The answer must restate every record word for word.
___ Task input
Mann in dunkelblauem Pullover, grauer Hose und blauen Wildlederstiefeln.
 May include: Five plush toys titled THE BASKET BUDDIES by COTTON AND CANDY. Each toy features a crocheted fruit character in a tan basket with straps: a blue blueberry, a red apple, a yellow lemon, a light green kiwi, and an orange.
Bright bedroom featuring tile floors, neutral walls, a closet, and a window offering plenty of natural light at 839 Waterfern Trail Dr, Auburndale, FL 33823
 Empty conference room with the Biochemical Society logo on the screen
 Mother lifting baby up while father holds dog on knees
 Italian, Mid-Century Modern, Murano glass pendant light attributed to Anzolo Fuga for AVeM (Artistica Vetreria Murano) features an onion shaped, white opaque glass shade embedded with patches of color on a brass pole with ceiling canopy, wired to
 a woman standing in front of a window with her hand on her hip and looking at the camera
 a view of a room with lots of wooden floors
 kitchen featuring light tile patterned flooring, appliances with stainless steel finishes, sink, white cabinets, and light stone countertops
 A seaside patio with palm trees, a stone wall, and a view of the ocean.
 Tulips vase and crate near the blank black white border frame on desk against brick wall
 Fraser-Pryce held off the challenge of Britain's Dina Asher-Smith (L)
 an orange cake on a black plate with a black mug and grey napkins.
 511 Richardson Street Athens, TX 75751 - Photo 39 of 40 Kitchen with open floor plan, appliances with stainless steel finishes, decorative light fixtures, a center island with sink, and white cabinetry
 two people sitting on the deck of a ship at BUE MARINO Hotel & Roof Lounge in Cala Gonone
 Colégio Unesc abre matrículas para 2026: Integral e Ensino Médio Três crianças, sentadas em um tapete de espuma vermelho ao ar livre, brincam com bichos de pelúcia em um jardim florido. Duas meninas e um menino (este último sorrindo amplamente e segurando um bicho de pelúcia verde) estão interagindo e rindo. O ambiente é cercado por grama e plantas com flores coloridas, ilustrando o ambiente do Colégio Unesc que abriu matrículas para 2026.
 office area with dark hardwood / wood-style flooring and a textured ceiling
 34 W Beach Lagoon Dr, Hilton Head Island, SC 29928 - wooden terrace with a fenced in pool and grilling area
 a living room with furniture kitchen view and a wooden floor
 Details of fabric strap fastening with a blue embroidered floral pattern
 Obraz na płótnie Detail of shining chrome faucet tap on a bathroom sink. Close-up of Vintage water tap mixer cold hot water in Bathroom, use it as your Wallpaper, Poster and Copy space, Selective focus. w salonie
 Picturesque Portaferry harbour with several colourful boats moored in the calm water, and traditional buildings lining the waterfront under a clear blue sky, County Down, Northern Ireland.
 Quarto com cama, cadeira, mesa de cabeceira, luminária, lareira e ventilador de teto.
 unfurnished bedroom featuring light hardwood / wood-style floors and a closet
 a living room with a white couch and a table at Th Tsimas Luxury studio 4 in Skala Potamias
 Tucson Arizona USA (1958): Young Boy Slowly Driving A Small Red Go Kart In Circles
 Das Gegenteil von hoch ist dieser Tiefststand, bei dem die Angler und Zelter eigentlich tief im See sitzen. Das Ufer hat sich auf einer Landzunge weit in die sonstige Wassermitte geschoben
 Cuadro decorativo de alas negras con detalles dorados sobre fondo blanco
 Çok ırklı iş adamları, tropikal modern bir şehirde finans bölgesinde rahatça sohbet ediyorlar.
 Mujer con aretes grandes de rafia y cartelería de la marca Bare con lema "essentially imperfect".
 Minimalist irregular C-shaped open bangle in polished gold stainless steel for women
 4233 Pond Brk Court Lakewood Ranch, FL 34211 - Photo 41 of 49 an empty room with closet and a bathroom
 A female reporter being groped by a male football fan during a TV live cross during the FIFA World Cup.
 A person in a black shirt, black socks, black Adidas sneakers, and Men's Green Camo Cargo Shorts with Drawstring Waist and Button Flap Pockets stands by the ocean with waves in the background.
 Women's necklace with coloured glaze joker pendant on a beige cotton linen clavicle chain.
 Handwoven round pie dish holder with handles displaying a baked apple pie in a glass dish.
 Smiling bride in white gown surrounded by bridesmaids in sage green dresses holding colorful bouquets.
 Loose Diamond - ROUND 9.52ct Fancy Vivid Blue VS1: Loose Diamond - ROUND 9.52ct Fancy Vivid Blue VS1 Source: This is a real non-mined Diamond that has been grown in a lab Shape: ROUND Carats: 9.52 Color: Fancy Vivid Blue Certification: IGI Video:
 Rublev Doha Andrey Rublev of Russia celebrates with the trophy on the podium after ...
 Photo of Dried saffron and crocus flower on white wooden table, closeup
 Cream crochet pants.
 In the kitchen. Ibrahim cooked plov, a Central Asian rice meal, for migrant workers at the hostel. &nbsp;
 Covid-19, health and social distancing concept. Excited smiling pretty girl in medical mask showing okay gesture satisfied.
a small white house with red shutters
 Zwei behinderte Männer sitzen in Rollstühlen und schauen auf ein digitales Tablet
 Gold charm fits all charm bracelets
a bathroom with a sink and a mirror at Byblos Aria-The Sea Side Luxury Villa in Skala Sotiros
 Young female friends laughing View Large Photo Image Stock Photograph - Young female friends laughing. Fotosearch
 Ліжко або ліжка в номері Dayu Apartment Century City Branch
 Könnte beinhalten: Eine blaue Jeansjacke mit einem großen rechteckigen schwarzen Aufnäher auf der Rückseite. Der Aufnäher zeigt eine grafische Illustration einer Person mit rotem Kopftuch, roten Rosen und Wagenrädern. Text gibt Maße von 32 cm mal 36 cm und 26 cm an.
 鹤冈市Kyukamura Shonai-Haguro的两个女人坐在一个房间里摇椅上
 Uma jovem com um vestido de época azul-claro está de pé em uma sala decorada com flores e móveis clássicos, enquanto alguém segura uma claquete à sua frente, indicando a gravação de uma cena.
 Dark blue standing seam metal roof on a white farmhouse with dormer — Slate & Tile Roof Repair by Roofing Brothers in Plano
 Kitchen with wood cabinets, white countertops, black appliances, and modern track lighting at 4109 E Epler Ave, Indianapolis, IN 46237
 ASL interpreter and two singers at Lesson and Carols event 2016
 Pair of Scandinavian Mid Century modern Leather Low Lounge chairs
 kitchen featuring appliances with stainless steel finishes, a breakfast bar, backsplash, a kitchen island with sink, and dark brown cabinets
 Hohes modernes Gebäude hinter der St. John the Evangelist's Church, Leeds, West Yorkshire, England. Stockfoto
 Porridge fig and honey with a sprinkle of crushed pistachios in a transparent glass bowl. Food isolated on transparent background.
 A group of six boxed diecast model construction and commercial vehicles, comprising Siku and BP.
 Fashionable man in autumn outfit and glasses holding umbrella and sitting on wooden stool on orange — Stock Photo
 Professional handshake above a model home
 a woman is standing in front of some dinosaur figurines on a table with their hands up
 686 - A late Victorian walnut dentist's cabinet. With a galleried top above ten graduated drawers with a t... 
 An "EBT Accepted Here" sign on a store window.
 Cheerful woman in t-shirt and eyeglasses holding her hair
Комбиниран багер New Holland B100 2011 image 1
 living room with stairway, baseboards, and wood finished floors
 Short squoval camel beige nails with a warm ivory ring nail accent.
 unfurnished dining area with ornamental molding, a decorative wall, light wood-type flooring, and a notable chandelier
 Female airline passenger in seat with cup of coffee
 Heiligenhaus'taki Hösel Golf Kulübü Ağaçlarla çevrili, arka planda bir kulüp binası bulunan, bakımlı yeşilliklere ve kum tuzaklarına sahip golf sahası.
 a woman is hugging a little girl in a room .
______
## Task answer
Mann in dunkelblauem Pullover, grauer Hose und blauen Wildlederstiefeln.
 May include: Five plush toys titled THE BASKET BUDDIES by COTTON AND CANDY. Each toy features a crocheted fruit character in a tan basket with straps: a blue blueberry, a red apple, a yellow lemon, a light green kiwi, and an orange.
Bright bedroom featuring tile floors, neutral walls, a closet, and a window offering plenty of natural light at 839 Waterfern Trail Dr, Auburndale, FL 33823
 Empty conference room with the Biochemical Society logo on the screen
 Mother lifting baby up while father holds dog on knees
 Italian, Mid-Century Modern, Murano glass pendant light attributed to Anzolo Fuga for AVeM (Artistica Vetreria Murano) features an onion shaped, white opaque glass shade embedded with patches of color on a brass pole with ceiling canopy, wired to
 a woman standing in front of a window with her hand on her hip and looking at the camera
 a view of a room with lots of wooden floors
 kitchen featuring light tile patterned flooring, appliances with stainless steel finishes, sink, white cabinets, and light stone countertops
 A seaside patio with palm trees, a stone wall, and a view of the ocean.
 Tulips vase and crate near the blank black white border frame on desk against brick wall
 Fraser-Pryce held off the challenge of Britain's Dina Asher-Smith (L)
 an orange cake on a black plate with a black mug and grey napkins.
 511 Richardson Street Athens, TX 75751 - Photo 39 of 40 Kitchen with open floor plan, appliances with stainless steel finishes, decorative light fixtures, a center island with sink, and white cabinetry
 two people sitting on the deck of a ship at BUE MARINO Hotel & Roof Lounge in Cala Gonone
 Colégio Unesc abre matrículas para 2026: Integral e Ensino Médio Três crianças, sentadas em um tapete de espuma vermelho ao ar livre, brincam com bichos de pelúcia em um jardim florido. Duas meninas e um menino (este último sorrindo amplamente e segurando um bicho de pelúcia verde) estão interagindo e rindo. O ambiente é cercado por grama e plantas com flores coloridas, ilustrando o ambiente do Colégio Unesc que abriu matrículas para 2026.
 office area with dark hardwood / wood-style flooring and a textured ceiling
 34 W Beach Lagoon Dr, Hilton Head Island, SC 29928 - wooden terrace with a fenced in pool and grilling area
 a living room with furniture kitchen view and a wooden floor
 Details of fabric strap fastening with a blue embroidered floral pattern
 Obraz na płótnie Detail of shining chrome faucet tap on a bathroom sink. Close-up of Vintage water tap mixer cold hot water in Bathroom, use it as your Wallpaper, Poster and Copy space, Selective focus. w salonie
 Picturesque Portaferry harbour with several colourful boats moored in the calm water, and traditional buildings lining the waterfront under a clear blue sky, County Down, Northern Ireland.
 Quarto com cama, cadeira, mesa de cabeceira, luminária, lareira e ventilador de teto.
 unfurnished bedroom featuring light hardwood / wood-style floors and a closet
 a living room with a white couch and a table at Th Tsimas Luxury studio 4 in Skala Potamias
 Tucson Arizona USA (1958): Young Boy Slowly Driving A Small Red Go Kart In Circles
 Das Gegenteil von hoch ist dieser Tiefststand, bei dem die Angler und Zelter eigentlich tief im See sitzen. Das Ufer hat sich auf einer Landzunge weit in die sonstige Wassermitte geschoben
 Cuadro decorativo de alas negras con detalles dorados sobre fondo blanco
 Çok ırklı iş adamları, tropikal modern bir şehirde finans bölgesinde rahatça sohbet ediyorlar.
 Mujer con aretes grandes de rafia y cartelería de la marca Bare con lema "essentially imperfect".
 Minimalist irregular C-shaped open bangle in polished gold stainless steel for women
 4233 Pond Brk Court Lakewood Ranch, FL 34211 - Photo 41 of 49 an empty room with closet and a bathroom
 A female reporter being groped by a male football fan during a TV live cross during the FIFA World Cup.
 A person in a black shirt, black socks, black Adidas sneakers, and Men's Green Camo Cargo Shorts with Drawstring Waist and Button Flap Pockets stands by the ocean with waves in the background.
 Women's necklace with coloured glaze joker pendant on a beige cotton linen clavicle chain.
 Handwoven round pie dish holder with handles displaying a baked apple pie in a glass dish.
 Smiling bride in white gown surrounded by bridesmaids in sage green dresses holding colorful bouquets.
 Loose Diamond - ROUND 9.52ct Fancy Vivid Blue VS1: Loose Diamond - ROUND 9.52ct Fancy Vivid Blue VS1 Source: This is a real non-mined Diamond that has been grown in a lab Shape: ROUND Carats: 9.52 Color: Fancy Vivid Blue Certification: IGI Video:
 Rublev Doha Andrey Rublev of Russia celebrates with the trophy on the podium after ...
 Photo of Dried saffron and crocus flower on white wooden table, closeup
 Cream crochet pants.
 In the kitchen. Ibrahim cooked plov, a Central Asian rice meal, for migrant workers at the hostel. &nbsp;
 Covid-19, health and social distancing concept. Excited smiling pretty girl in medical mask showing okay gesture satisfied.
a small white house with red shutters
 Zwei behinderte Männer sitzen in Rollstühlen und schauen auf ein digitales Tablet
 Gold charm fits all charm bracelets
a bathroom with a sink and a mirror at Byblos Aria-The Sea Side Luxury Villa in Skala Sotiros
 Young female friends laughing View Large Photo Image Stock Photograph - Young female friends laughing. Fotosearch
 Ліжко або ліжка в номері Dayu Apartment Century City Branch
 Könnte beinhalten: Eine blaue Jeansjacke mit einem großen rechteckigen schwarzen Aufnäher auf der Rückseite. Der Aufnäher zeigt eine grafische Illustration einer Person mit rotem Kopftuch, roten Rosen und Wagenrädern. Text gibt Maße von 32 cm mal 36 cm und 26 cm an.
 鹤冈市Kyukamura Shonai-Haguro的两个女人坐在一个房间里摇椅上
 Uma jovem com um vestido de época azul-claro está de pé em uma sala decorada com flores e móveis clássicos, enquanto alguém segura uma claquete à sua frente, indicando a gravação de uma cena.
 Dark blue standing seam metal roof on a white farmhouse with dormer — Slate & Tile Roof Repair by Roofing Brothers in Plano
 Kitchen with wood cabinets, white countertops, black appliances, and modern track lighting at 4109 E Epler Ave, Indianapolis, IN 46237
 ASL interpreter and two singers at Lesson and Carols event 2016
 Pair of Scandinavian Mid Century modern Leather Low Lounge chairs
 kitchen featuring appliances with stainless steel finishes, a breakfast bar, backsplash, a kitchen island with sink, and dark brown cabinets
 Hohes modernes Gebäude hinter der St. John the Evangelist's Church, Leeds, West Yorkshire, England. Stockfoto
 Porridge fig and honey with a sprinkle of crushed pistachios in a transparent glass bowl. Food isolated on transparent background.
 A group of six boxed diecast model construction and commercial vehicles, comprising Siku and BP.
 Fashionable man in autumn outfit and glasses holding umbrella and sitting on wooden stool on orange — Stock Photo
 Professional handshake above a model home
 a woman is standing in front of some dinosaur figurines on a table with their hands up
 686 - A late Victorian walnut dentist's cabinet. With a galleried top above ten graduated drawers with a t... 
 An "EBT Accepted Here" sign on a store window.
 Cheerful woman in t-shirt and eyeglasses holding her hair
Комбиниран багер New Holland B100 2011 image 1
 living room with stairway, baseboards, and wood finished floors
 Short squoval camel beige nails with a warm ivory ring nail accent.
 unfurnished dining area with ornamental molding, a decorative wall, light wood-type flooring, and a notable chandelier
 Female airline passenger in seat with cup of coffee
 Heiligenhaus'taki Hösel Golf Kulübü Ağaçlarla çevrili, arka planda bir kulüp binası bulunan, bakımlı yeşilliklere ve kum tuzaklarına sahip golf sahası.
 a woman is hugging a little girl in a room .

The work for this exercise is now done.